- **Exercise details**
Omit the images, then repeat the listing exactly.

- **Given information**
——————
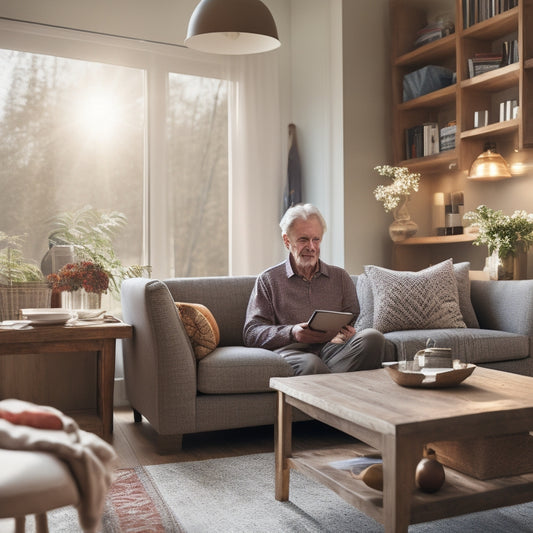 A serene, clutter-free living room with a senior sitting comfortably on a couch, holding a tablet with a simple home organization app open, surrounded by neatly labeled storage bins and a few gentle, warm sunlight rays.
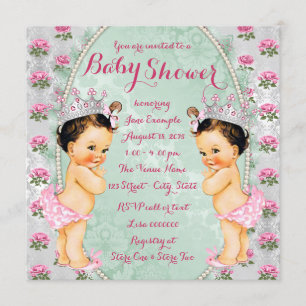 Mint Rose Rose Twin Girl Baby Shower Invitations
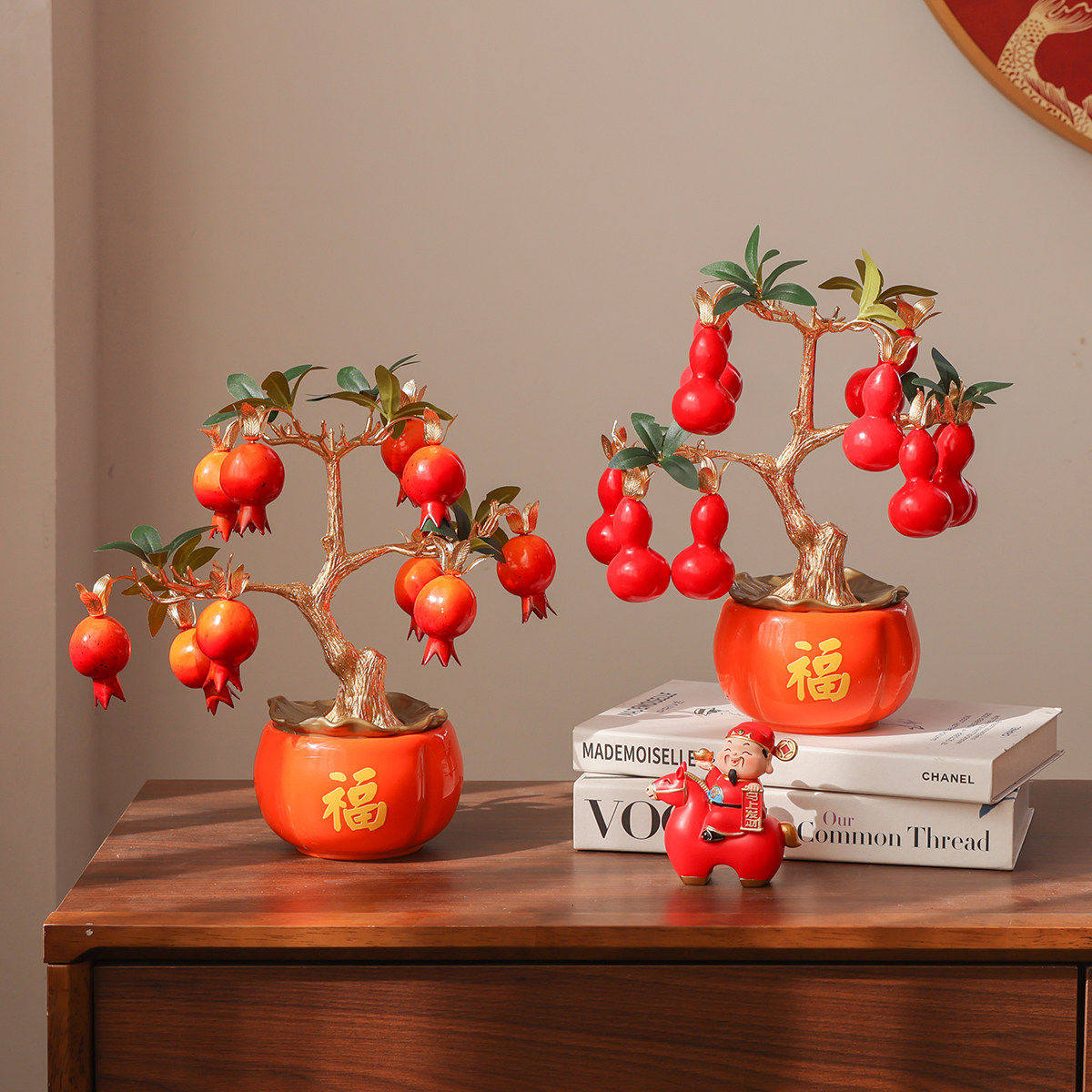 假花仿真花年宵花新年餐桌柿子装饰品客厅发财树摆件轻奢高端花艺,淘宝优惠券,粉丝福利购,淘宝优惠卷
——————
- **Answer section**
 A serene, clutter-free living room with a senior sitting comfortably on a couch, holding a tablet with a simple home organization app open, surrounded by neatly labeled storage bins and a few gentle, warm sunlight rays.
 Mint Rose Rose Twin Girl Baby Shower Invitations
 假花仿真花年宵花新年餐桌柿子装饰品客厅发财树摆件轻奢高端花艺,淘宝优惠券,粉丝福利购,淘宝优惠卷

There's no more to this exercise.